Quand les lettres et les images se marient
Journal de bord d’un festivalier ordinaire. Cannes au jour le jour par notre envoyé spécial sur la Croisette
« Bird » d’Andréa Arnold (drame social britannique ) ou « Émilia Perez » (comédie musicale et trans-genre chez les narcotrafiquants mexicains) du français Jacques Audiard ? Alors que la sélection officielle tire à sa fin, les pronostics vont bon train, même si tout le monde espère encore qu’un troisième film vienne menacer les deux favoris. Une chose est quasi-certaine, Coppola n’aura pas sa troisième palme d’or.

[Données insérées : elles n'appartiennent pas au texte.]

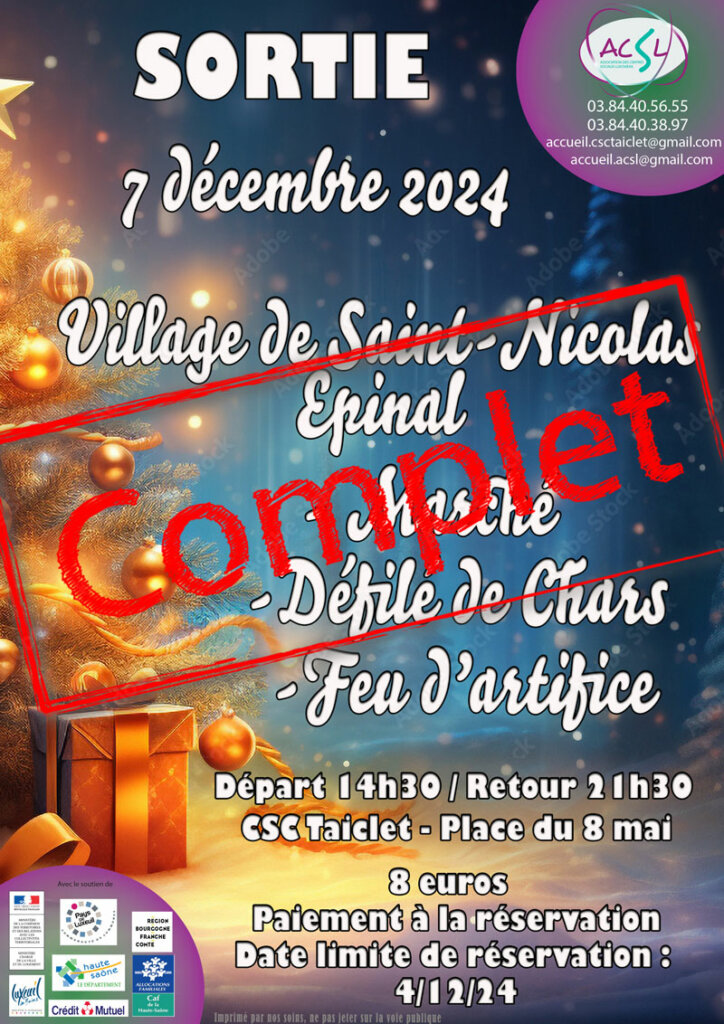 Visuel de l'affiche de la sortie du 7 décembre complet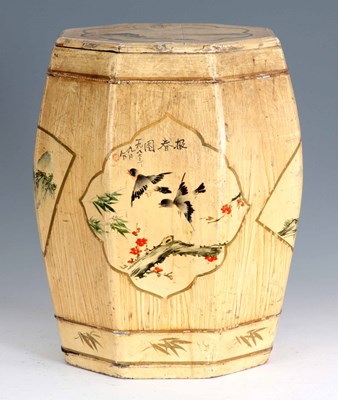 Lot 183 - A 19TH CENTURY JAPANESE OCTAGONAL CREAM...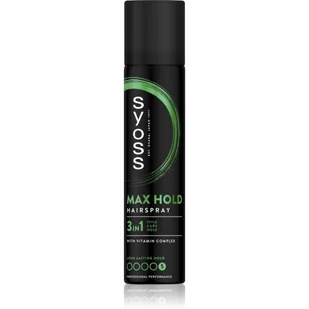 Syoss Max Hold lakier do włosów odporny na warunki zewnętrzne megamocny 75ml - Kosmetyki do stylizacji włosów - miniaturka - grafika 1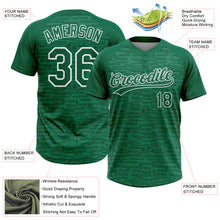 Charger l'image dans la galerie, Custom Kelly Green-White Raglan Sleeves Distressed Fragment Brush Stroke Two-Button Unisex Softball Jersey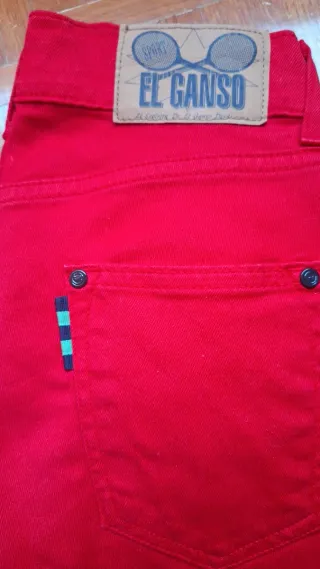 Calças slim El Ganso vermelhas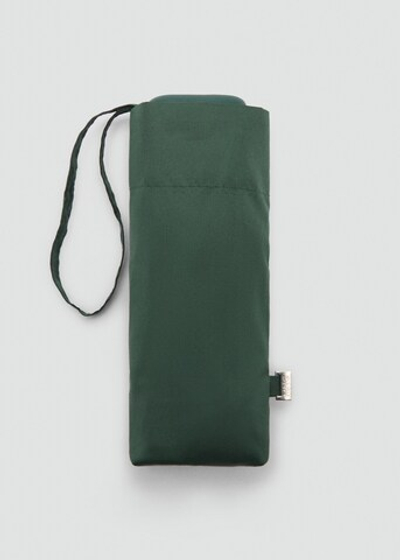 Складной однотонный зонт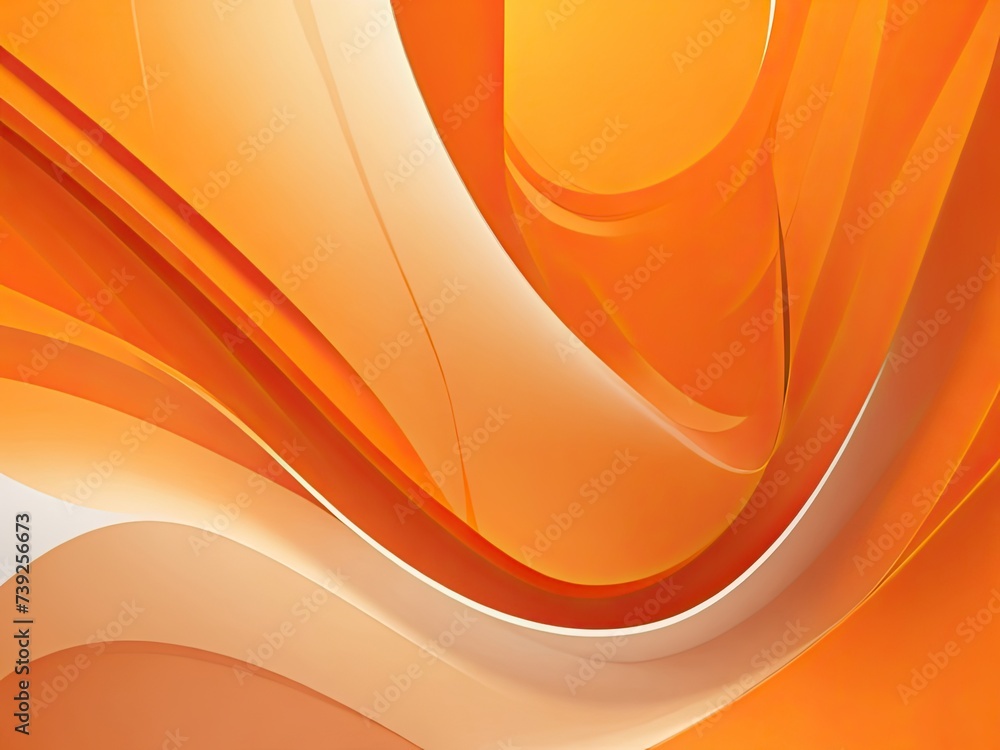 Fototapete abstract smooth orange backdrop layout for a business report using a designstudioroom site template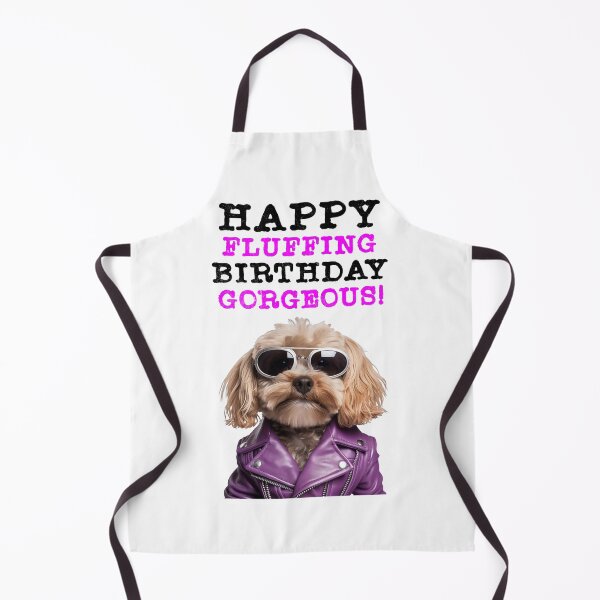 Item preview, Happy Fluffing Birthday Gorgeous Funny Cockapoo Birthday Card designed and sold by T-shirt-Designs.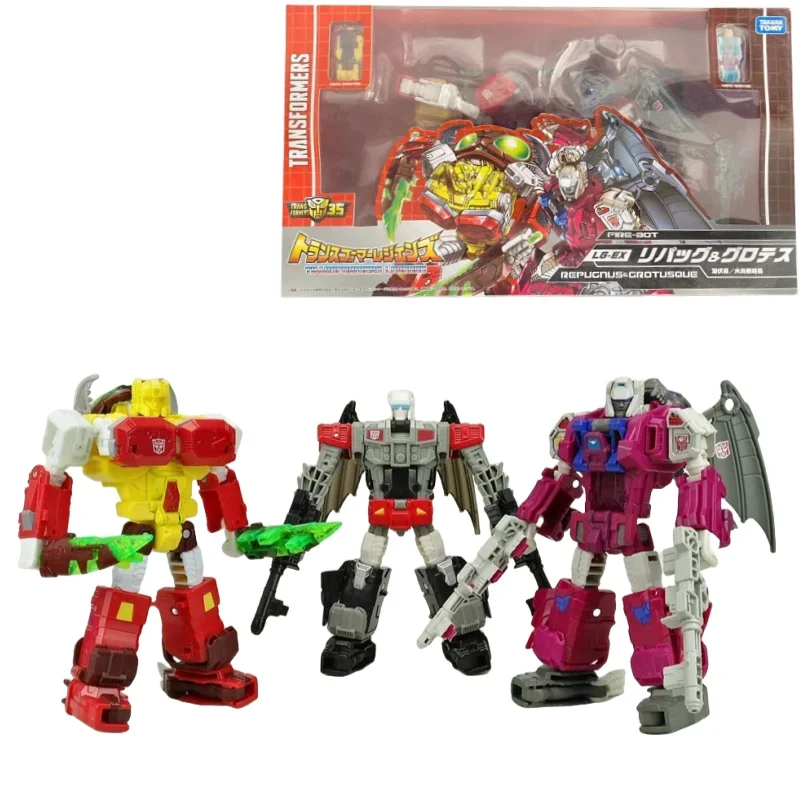 In Stock TAKARA TOMY Transformers LG-EX X UW-EX Repugnus & Grotusque 2-Pack Set Infrequent Anime Action Figure Nice Model Toys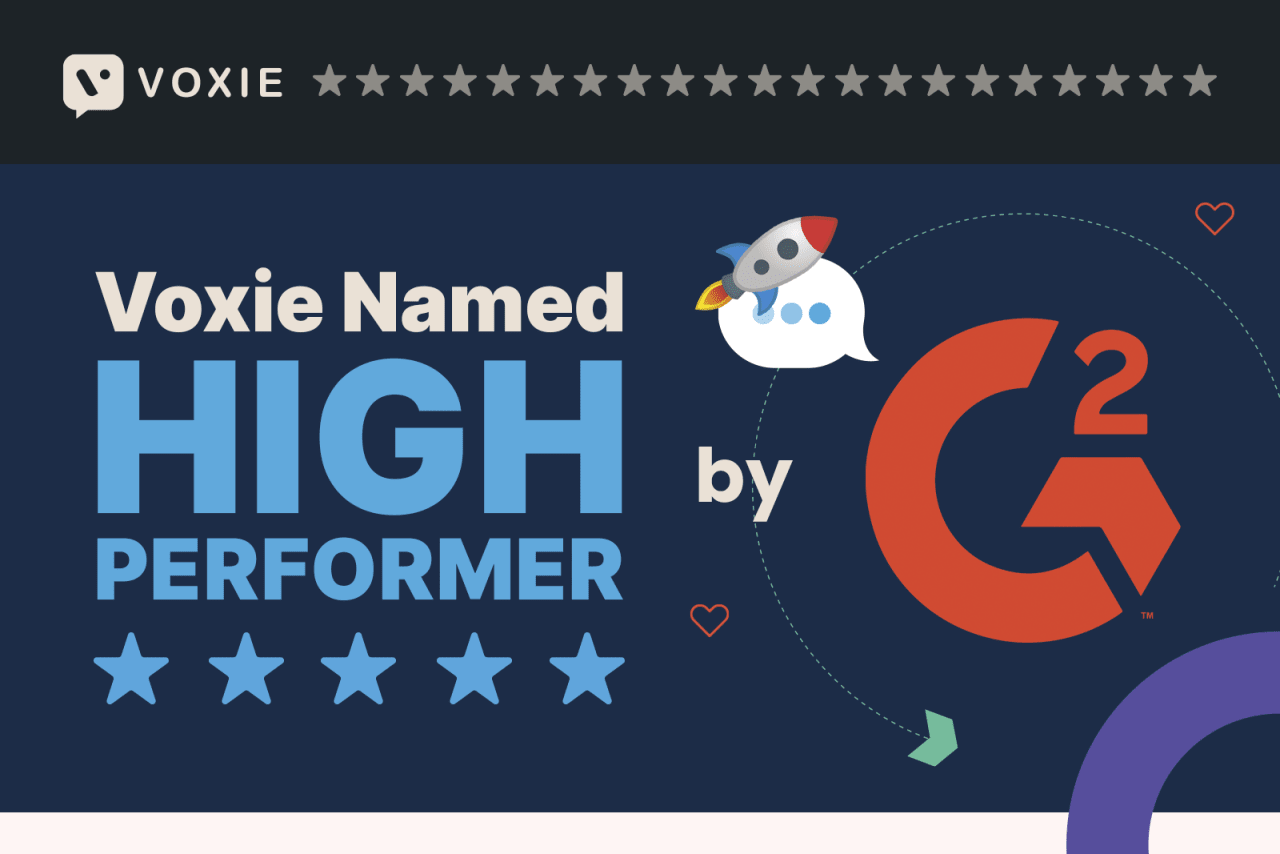 Voxie was named High Performer by G2 Summer 2023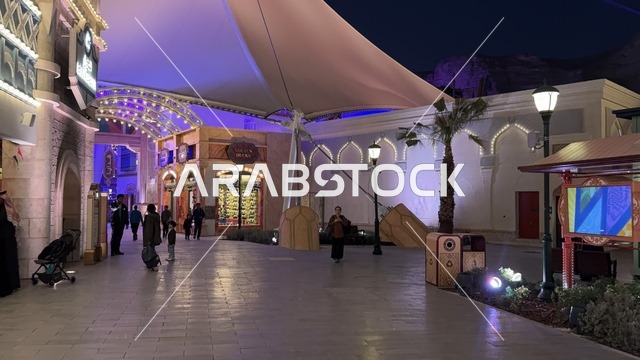 مدينة 6 فلاجز القدية في ثاني يوم من الافتتاح 1 يناير 2026 ، اكبر مشروع عملاق لمدينة ترفيهية تحمل علامة ستة أعلام التجارية في السعودية، أول منتزه ترفيهي لستة أعلام خارج أميركا الشمالية، استراتيجية رؤية السعودية 2030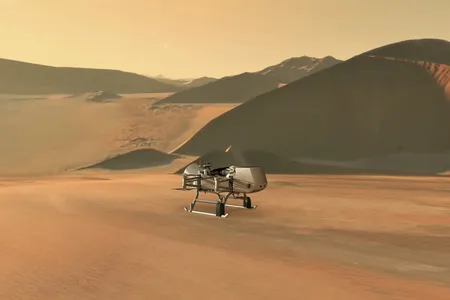Dragonfly will explore dozens of locations across the icy moon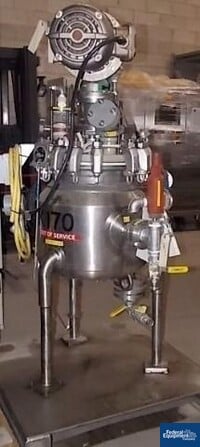 Image of 10 Gal Pfaudler Glass Lined Reactor, 150/120# 02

Dans une toute autre catégorie, la petite maison d’édition française POL a réussi elle son triplé à Cannes. Trois romans édités par ses soins se retrouvent cette année en sélection officielle. « Limonov » d’Emmanuel Carrère, adapté par le metteur en scène Russe en exil Kirill Serebrennikov ( en compétition), « Le roman de Jim » de Pierric Bailly, adapté par les frères Larrieu et enfin « Miséricorde » d’ Alain Guiraudie, adapté par lui même ( hors compétition).
Depuis quelques années, les éditeurs viennent à Cannes pour pitcher (« lancer ») leurs romans les plus aptes à être adaptés au cinéma, dans le cadre d’un rendez-vous installé « shoot the book », initié par le regretté Paul Otchakovsky-Laurence, le fondateur de POL, justement, qui a été par ailleurs président de l’avance sur recette au CNC pendant 3 ans. Pitcher un roman est en passe de devenir un métier à part entière. Certaines maisons d’édition, comme Gallimard ou le Seuil ont déjà leurs « pitchers » attitrés.Le jeu en vaut la chandelle, un film peut relancer le roman dont il est adapté. Jean-Paul Hirch, l’attaché de presse de POLconfirme « Nous allons ressortir les romans avec une jaquette reprenant l’affiche du film quand ils seront en salle ».
Combien coutent les droits d’un livre ? Les éditeurs préfèrent ne pas trop communiquer à ce sujet. « Cela dépend de la notoriété de l’auteur et du nombre d’exemplaires vendus en librairies » affirme, l’ex-redacteur en chef de Livres-Hebdo Vincy Thomas. Des estimations ? Autour de 60 000 euros pour « Le roman de Jim » de Pierric Bailly, le double pour « Limonov » d’Emmanuel Carrère ( Prix Renaudot). Et encore beaucoup plus, estime-t-il, pour « Au revoir là-haut » de Philippe Lemaitre (Goncourt en 2013). Kirill Serebrennikov a par ailleurs adapté « La disparition de Joseph Mengele » d’Olivier Guez (Grasset), sur la fuite de l’ancien médecin tortionnaire à Auschwitz.
La littérature peut faire du bien au cinéma et, à Cannes, les films primés sont souvent écrits par leurs auteurs. La dernière palme d’or attribuée à un film adapté d’un livre remonte à 2013, et c’était une bande dessinée, La Vie d’Adèle, d’Abdelatif Kechiche, d’après Le bleu est une couleur chaude de Jul’ Maroh. Sinon il faut remonter encore plus loin, à 2008, à Entre les murs de Laurent Cantet, d’après François Béaudeau, film dans lequel l’auteur joue son propre rôle-fictif.
On retrouve d’ailleurs également l’écrivain Emmanuel Carrère, jouant dans la même situation dans une courte scène du film de Kirill Serebrennikov. Contrairement à François Bégaudeau, Emmanuel Carrère n’a pas participé à l’écriture du scénario adapté de son roman, mais l’idée est la même, celle d’un auteur qui voit à la fois son œuvre littéraire, son personnage voire sa personne, transposée sur grand écran.